Bug 1703232

Summary: High read and write rate from cluster-autoscaler-operator
Product: OpenShift Container Platform Reporter: Clayton Coleman <ccoleman>
Component: Cloud ComputeAssignee: Vikas Choudhary <vichoudh>
Status: CLOSED ERRATA QA Contact: Mike Fiedler <mifiedle>
Severity: high Docs Contact:
Priority: unspecified    
Version: 4.1.0CC: agarcial, mgugino, mifiedle, vichoudh
Target Milestone: ---Keywords: BetaBlocker
Target Release: 4.1.0   
Hardware: Unspecified   
OS: Unspecified   
Whiteboard:
Fixed In Version: Doc Type: If docs needed, set a value
Doc Text:
Story Points: ---
Clone Of: Environment:
Last Closed: 2019-06-04 10:48:02 UTC Type: Bug
Regression: --- Mount Type: ---
Documentation: --- CRM:
Verified Versions: Category: ---
oVirt Team: --- RHEL 7.3 requirements from Atomic Host:
Cloudforms Team: --- Target Upstream Version:
Embargoed:

Description Clayton Coleman 2019-04-25 20:39:24 UTC
{client="cluster-autoscaler-operator/v0.0.0 (linux/amd64) kubernetes/$Format",resource="configmaps",scope="namespace",verb="GET"}	0.5
{client="cluster-autoscaler-operator/v0.0.0 (linux/amd64) kubernetes/$Format",resource="configmaps",scope="namespace",verb="PUT"}	0.5

This looks like you have an overly aggressive leader election (2 seconds?).  Operators should be on 10-20s refresh intervals (with 90s-120s timeouts) because handoff is not important.

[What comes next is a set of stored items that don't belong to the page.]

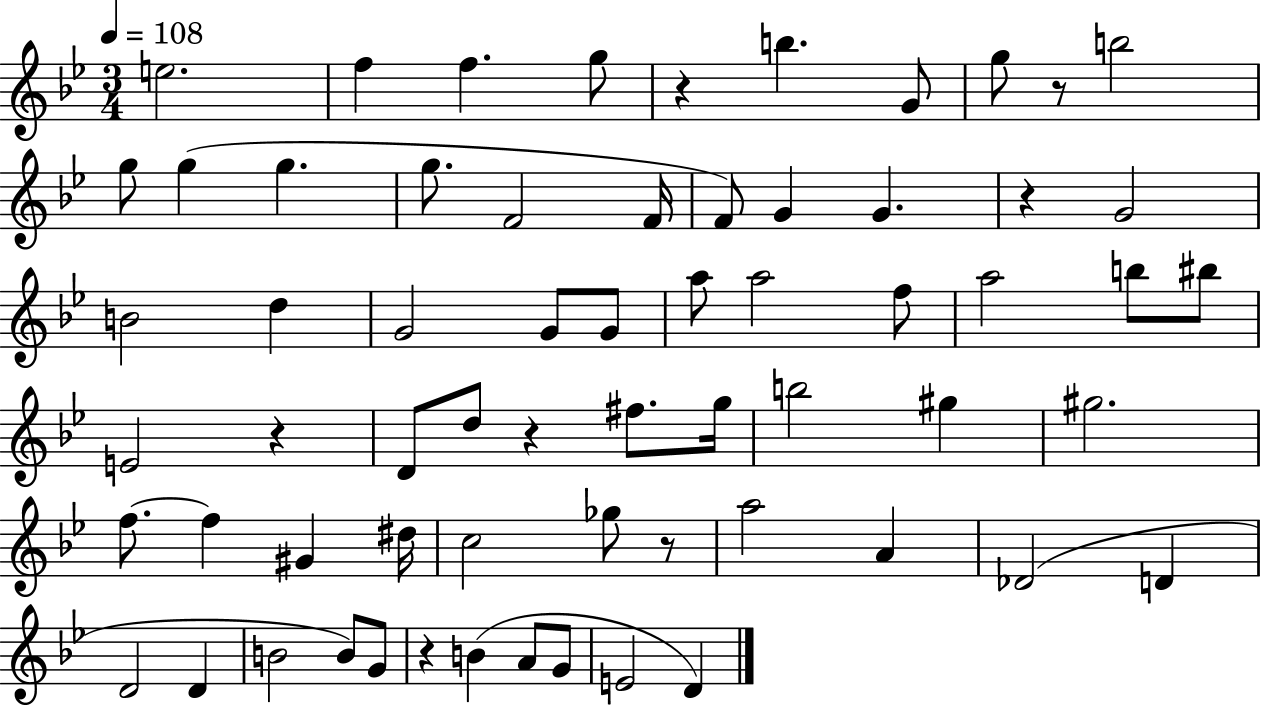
{
  \clef treble
  \numericTimeSignature
  \time 3/4
  \key bes \major
  \tempo 4 = 108
  e''2. | f''4 f''4. g''8 | r4 b''4. g'8 | g''8 r8 b''2 | \break g''8 g''4( g''4. | g''8. f'2 f'16 | f'8) g'4 g'4. | r4 g'2 | \break b'2 d''4 | g'2 g'8 g'8 | a''8 a''2 f''8 | a''2 b''8 bis''8 | \break e'2 r4 | d'8 d''8 r4 fis''8. g''16 | b''2 gis''4 | gis''2. | \break f''8.~~ f''4 gis'4 dis''16 | c''2 ges''8 r8 | a''2 a'4 | des'2( d'4 | \break d'2 d'4 | b'2 b'8) g'8 | r4 b'4( a'8 g'8 | e'2 d'4) | \break \bar "|."
}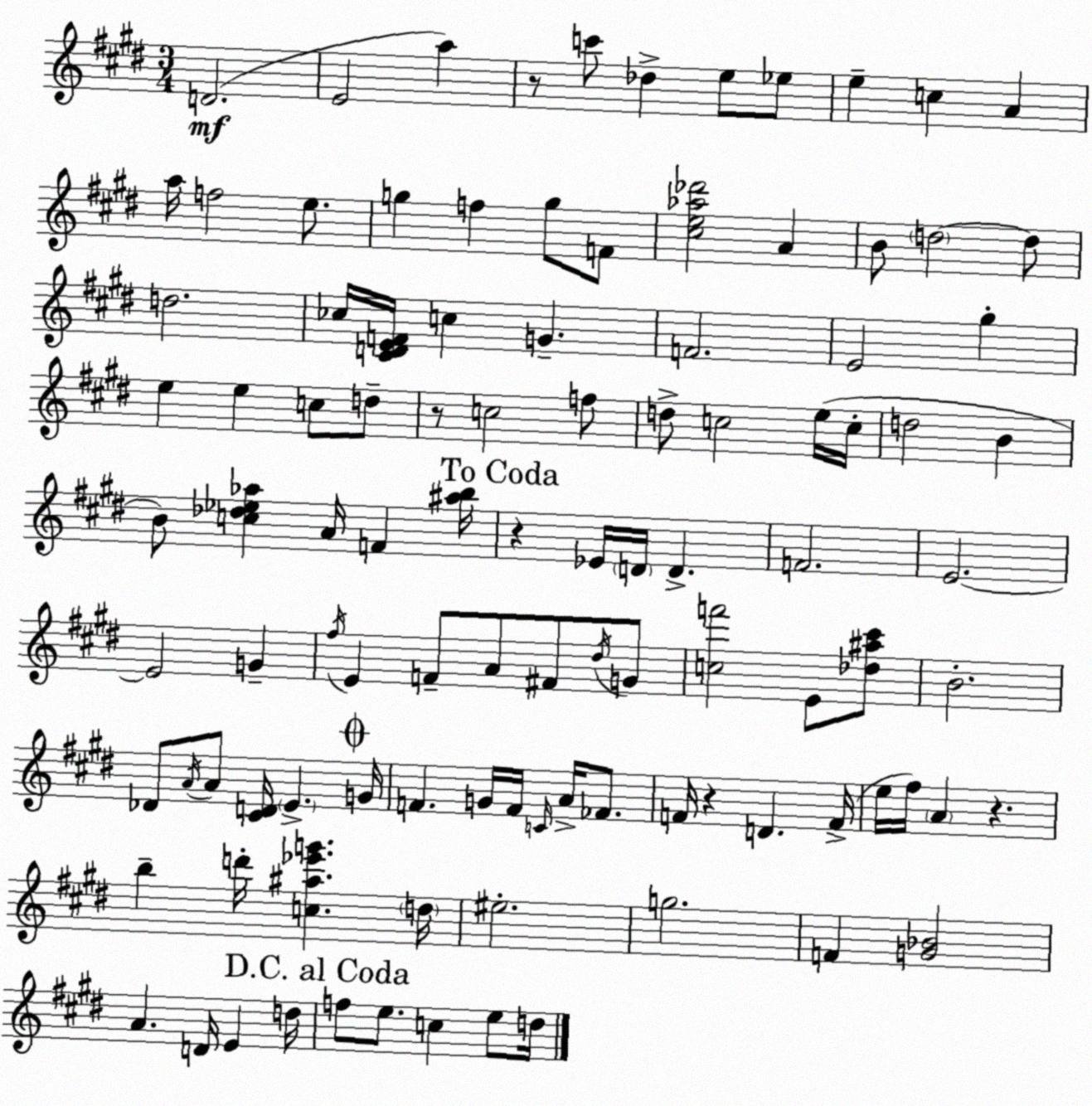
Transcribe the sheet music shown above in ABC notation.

X:1
T:Untitled
M:3/4
L:1/4
K:E
D2 E2 a z/2 c'/2 _d e/2 _e/2 e c A a/4 f2 e/2 g f g/2 F/2 [^ce_a_d']2 A B/2 d2 d/2 d2 _c/4 [^CDEF]/4 c G F2 E2 ^g e e c/2 d/2 z/2 c2 f/2 d/2 c2 e/4 c/4 d2 B B/2 [c_d_e_a] A/4 F [^ab]/4 z _E/4 D/4 D F2 E2 E2 G ^f/4 E F/2 A/2 ^F/2 ^d/4 G/2 [cf']2 E/2 [_d^a^c']/2 B2 _D/2 A/4 A/2 [^CD]/4 E G/4 F G/4 F/4 C/4 A/4 _F/2 F/4 z D F/4 e/4 ^f/4 A z b d'/4 [c^a_e'g'] d/4 ^e2 g2 F [G_B]2 A D/4 E d/4 f/2 e/2 c e/2 d/4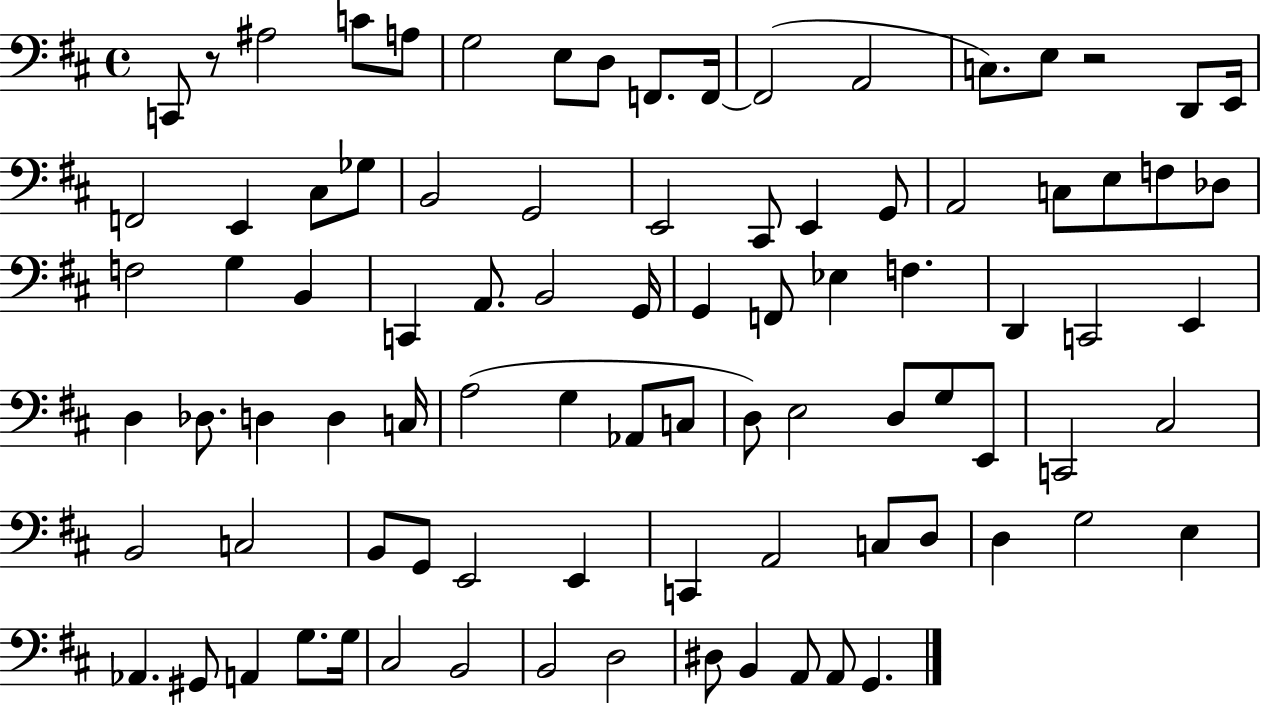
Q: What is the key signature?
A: D major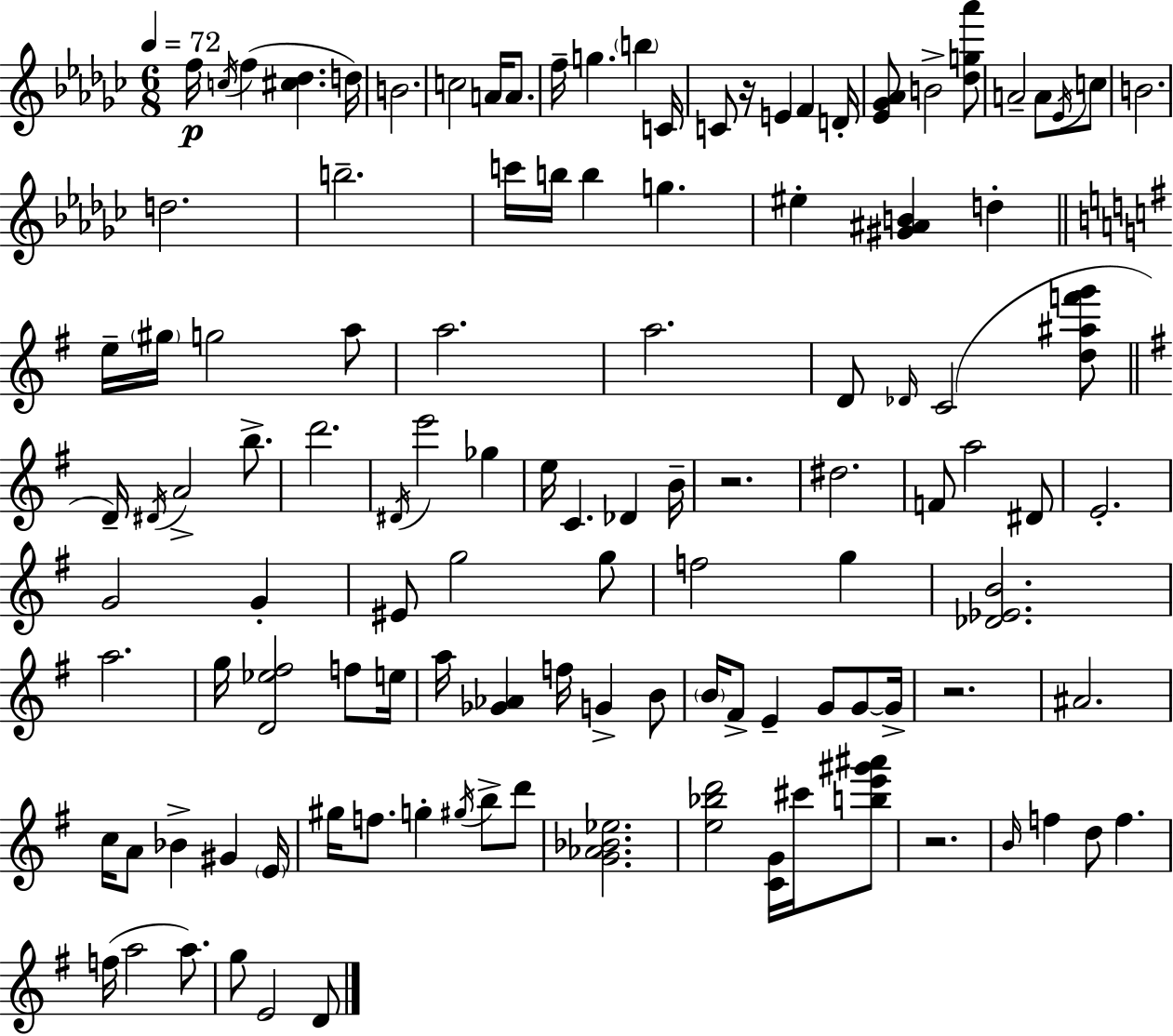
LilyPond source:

{
  \clef treble
  \numericTimeSignature
  \time 6/8
  \key ees \minor
  \tempo 4 = 72
  f''16\p \acciaccatura { c''16 }( f''4 <cis'' des''>4. | d''16) b'2. | c''2 a'16 a'8. | f''16-- g''4. \parenthesize b''4 | \break c'16 c'8 r16 e'4 f'4 | d'16-. <ees' ges' aes'>8 b'2-> <des'' g'' aes'''>8 | a'2-- a'8 \acciaccatura { ees'16 } | c''8 b'2. | \break d''2. | b''2.-- | c'''16 b''16 b''4 g''4. | eis''4-. <gis' ais' b'>4 d''4-. | \break \bar "||" \break \key e \minor e''16-- \parenthesize gis''16 g''2 a''8 | a''2. | a''2. | d'8 \grace { des'16 }( c'2 <d'' ais'' f''' g'''>8 | \break \bar "||" \break \key g \major d'16--) \acciaccatura { dis'16 } a'2-> b''8.-> | d'''2. | \acciaccatura { dis'16 } e'''2 ges''4 | e''16 c'4. des'4 | \break b'16-- r2. | dis''2. | f'8 a''2 | dis'8 e'2.-. | \break g'2 g'4-. | eis'8 g''2 | g''8 f''2 g''4 | <des' ees' b'>2. | \break a''2. | g''16 <d' ees'' fis''>2 f''8 | e''16 a''16 <ges' aes'>4 f''16 g'4-> | b'8 \parenthesize b'16 fis'8-> e'4-- g'8 g'8~~ | \break g'16-> r2. | ais'2. | c''16 a'8 bes'4-> gis'4 | \parenthesize e'16 gis''16 f''8. g''4-. \acciaccatura { gis''16 } b''8-> | \break d'''8 <g' aes' bes' ees''>2. | <e'' bes'' d'''>2 <c' g'>16 | cis'''16 <b'' e''' gis''' ais'''>8 r2. | \grace { b'16 } f''4 d''8 f''4. | \break f''16( a''2 | a''8.) g''8 e'2 | d'8 \bar "|."
}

Please correct your tuning before GA because this drives write load to the cluster.

Comment 1 Vikas Choudhary 2019-04-29 13:22:35 UTC
https://github.com/kubernetes/kubernetes/pull/77204
https://github.com/kubernetes-sigs/controller-runtime/pull/412

Currently controller-runtime repo runs leader election with hard-coded, very agressive values. With above PRs, leader election configuration will become configurable. Then we would pass higher time durations from cluster-autoscaler-operator using the options which above PRs are adding.

Comment 2 Vikas Choudhary 2019-05-01 04:13:02 UTC
Meanwhile until upstream PR merges at controller-runtime, this is a stop-gap/workaround fix https://github.com/openshift/cluster-autoscaler-operator/pull/96

Comment 3 Michael Gugino 2019-05-01 19:22:19 UTC
Locally patched in vendor.

Comment 5 Michael Gugino 2019-05-01 21:35:06 UTC
Query from clayton: topk(20, sum without (instance) (rate(apiserver_request_count[5m])))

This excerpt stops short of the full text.